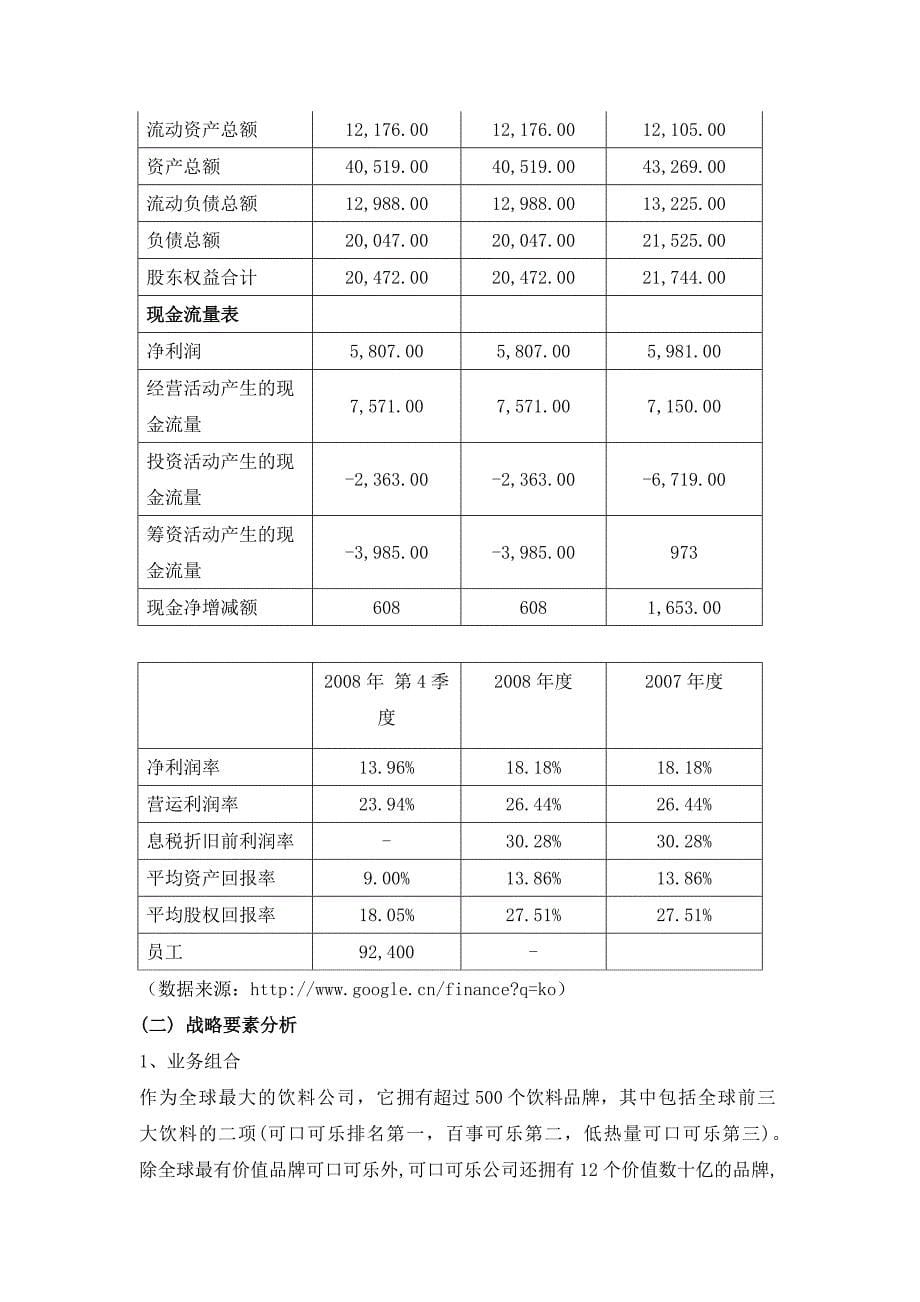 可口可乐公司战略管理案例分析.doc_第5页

==

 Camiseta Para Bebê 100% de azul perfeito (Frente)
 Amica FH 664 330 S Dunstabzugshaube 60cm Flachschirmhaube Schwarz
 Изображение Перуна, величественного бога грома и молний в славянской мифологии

**Work to be completed:** Out of the entries above, write out only the lines between the line holding "Amica FH 664" and the line holding "Изображение Перуна, величественного", inclusive, each exactly as given.

**Answer section:**
 Amica FH 664 330 S Dunstabzugshaube 60cm Flachschirmhaube Schwarz
 Изображение Перуна, величественного бога грома и молний в славянской мифологии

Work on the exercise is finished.